Players-only meetings a big risk

Group sessions rarely work, can add to problems

December 25, 2010|By Sam Farmer

Less than a day after his team's epic collapse Sunday — blowing a three-touchdown lead to the Eagles in the last half-quarter — Giants quarterback Eli Manning called a rare players-only meeting to regroup his squad for a run at the playoffs. That starts with a huge game Sunday at Green Bay.

The typically soft-spoken Manning (Eli doesn't have the commanding presence of his big brother, Peyton) didn't reveal to reporters what he said to his teammates, but explained it this way:

"A lot of it is you just man up for your mistakes, you take responsibility, you put it behind you and you look forward to the situation. … It's not the time to start going in the tank or being in a bad mood. Now's the time to look at the bright side of things and be optimistic that we've got a great opportunity to make the playoffs. We're the ones to decide what happens."

A quarterback spends his career as a public speaker, talking to a group of 10 men every time he ducks his head into the huddle. But standing up at his locker (or in an auditorium), clearing his throat and talking to the team as a whole can be a dicey proposition, one that can just as easily implode as inspire.

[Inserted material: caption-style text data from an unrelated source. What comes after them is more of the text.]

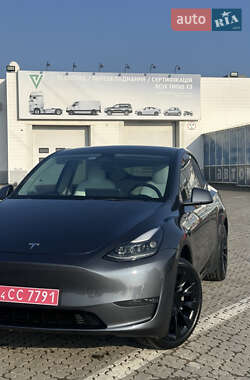 Позашляховик / Кросовер Tesla Model Y 2023 в Чернівцях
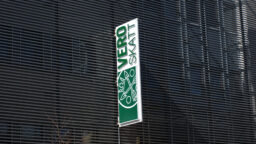 Verohallinnon somesta tuttu tökkelisormi on kuollut – päivitys täyttyi kaipaavista kommenteista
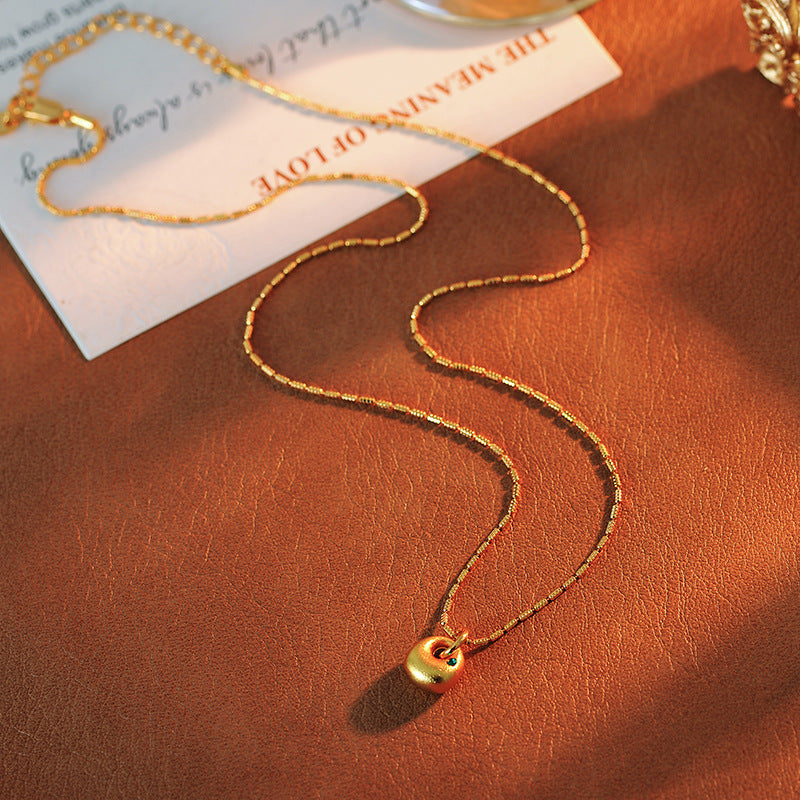 Traditional Matte Small Gold Pendant Micro Inlaid Green Zirconia Collarbone Chain Elegant High-end Fashionable Necklace for Women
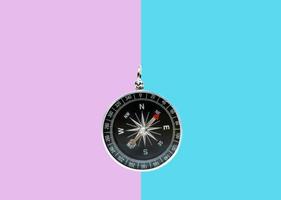 kompass på två tona bakgrund foto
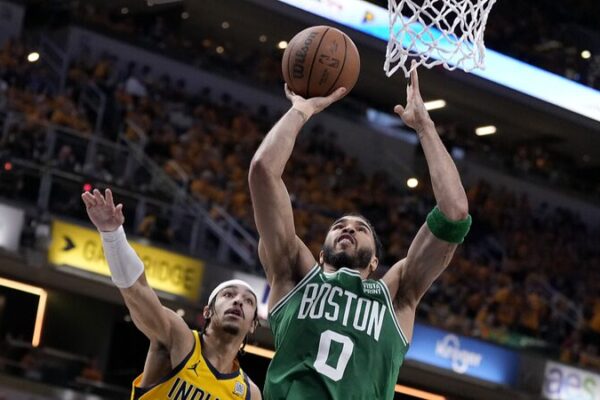 Celtics Pull Off Epic Comeback Against Pacers, Lead Series 3-0! 🏀🔥 Celtics_Pull_Off_Epic_Comeback_Against_Pacers__Lead_Series_3_0____
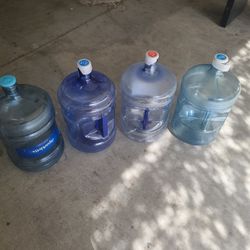 4x 5 Gal Water Jugs For Free
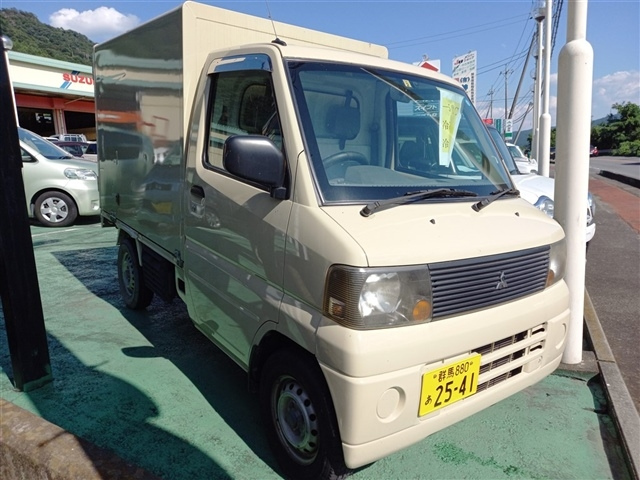 MITSUBISHI MINICAB TRUCK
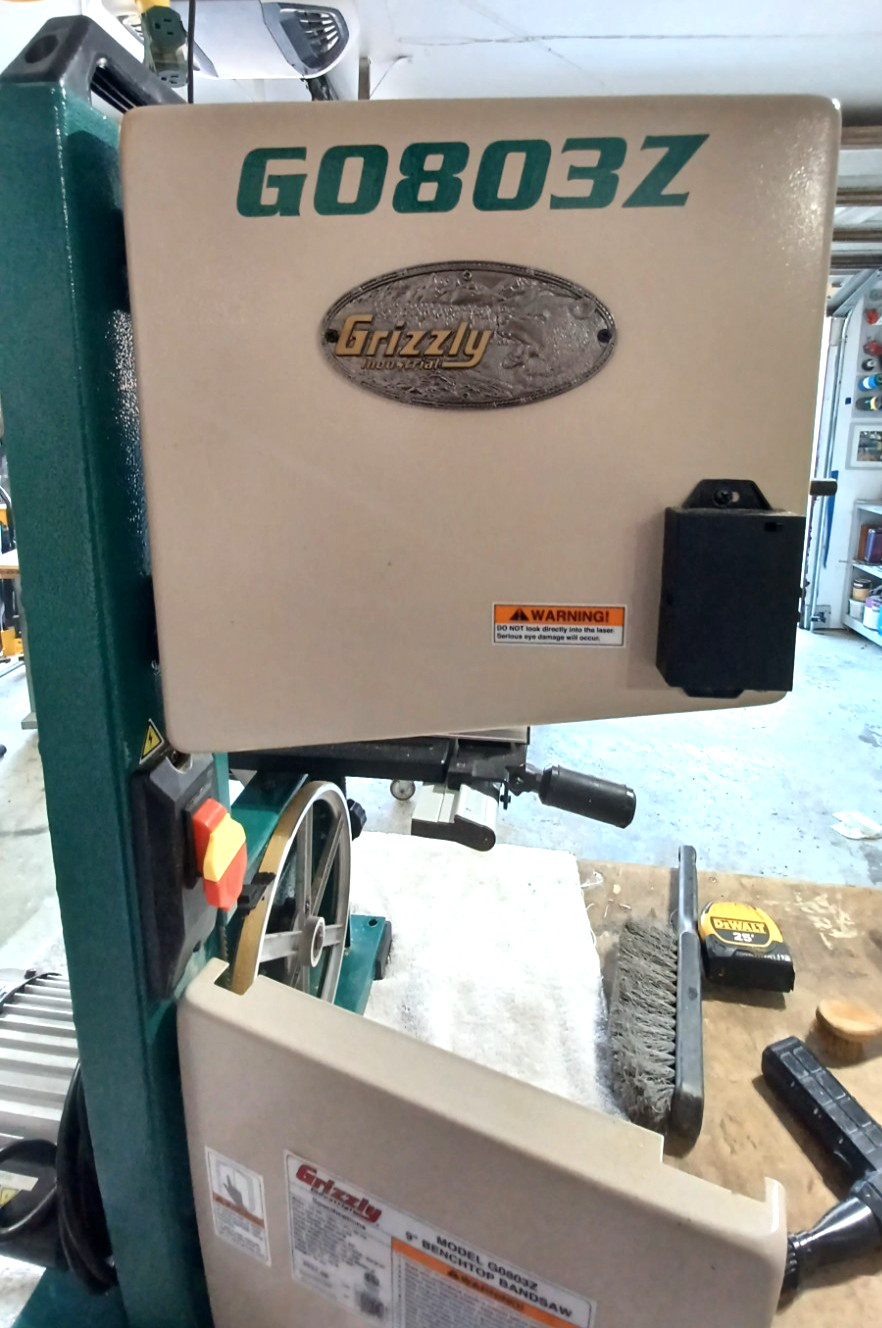 Grizzly 9" Benchtop Band Saw G0803Z/Used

To find out just how effective these players-only meetings are, I went to a few respected players from years past — all team leaders — and asked about the peaks and pitfalls of addressing the entire group and, when necessary, calling out underperforming teammates.

Hall of Fame quarterback Troy Aikman, who will be in the booth for Fox at Giants-Packers, said he never liked to conduct team meetings when he played for the Cowboys.

"Usually when team meetings take place, they're when a team's really spiraling out of control," he said, noting that's not the case with the Giants. (If they win, the Giants clinch a playoff spot and eliminate the Packers from playoff contention.) "To me, they're not very productive, especially when you give too many people a platform to speak.

"You end up coming out of those meetings feeling like you've got a heck of a lot more problems than you ever thought going into them. And usually football players aren't the best at delicately saying various things without offending anyone or stepping on toes."

Aikman said, however, that Manning's positive, one-voice approach was a good thing, and called it a plus that the quarterback didn't open the floor to make it a public forum.

"It's not that players don't understand what needs to be done," Aikman said, "but oftentimes when a player says it rather than a coach, it's more impactful and more effective."

Tim Brown, the perennial Pro Bowl receiver for the Raiders, said those meetings were seldom effective in his organization, especially because they usually happened when everything was going haywire.

"Once we had one guy stand up who was barely a special-teams player, and he decided he wanted to talk in a meeting," recalled Brown, now an ESPN analyst. "He just went on and on and on. Finally, people had to talk over him just to get him to shut up."

Although Brown was considered a rock-steady fixture for that franchise, he can recall calling only one team meeting. It came at training camp in 2002, the summer after the "Tuck Rule" game at New England, when the Raiders felt they got cheated on an apparent fumble by Patriots quarterback Tom Brady.

"The referees came into camp after that game," Brown said. "I called a team meeting and told the boys we were going to walk out of that meeting once they started to give their presentation. And that's what we did; everybody got up and walked out of the meeting.

"That was very effective because it (ticked) off the referees. But at the same time, they got our message."

A few years earlier, in quarterback Rich Gannon's first season with the Raiders, he, too, felt compelled to call a team meeting. It came after a critical Thursday night loss at Tennessee.

Why the need for a meeting? Rewind to the days leading up to that game, when coach Jon Gruden and his quarterbacks were furiously devising an offensive strategy. They were spending late nights in a meeting next to a players' lounge outfitted with a pool table, dartboard and video games.

"I'll never forget how we were in that room looking at film and a bunch of defensive guys were in the lounge making a bunch of noise," Gannon recalled. "Gruden went ballistic. He was like, 'Shut up! We're trying to work in here!'"

The players piped down for a couple of minutes or so, but soon were back at it, just as raucous as they had been. Gannon, known for his meticulous preparation, was so enraged that he removed the pool balls from the lounge and put them in a rack above his locker.

After the loss to the Titans, one that torpedoed the Raiders' playoff hopes, the quarterback called a team meeting. He first apologized to his teammates who were equally devoted to their jobs, telling them the meeting wasn't intended for them, and then he tore into the team's slackers.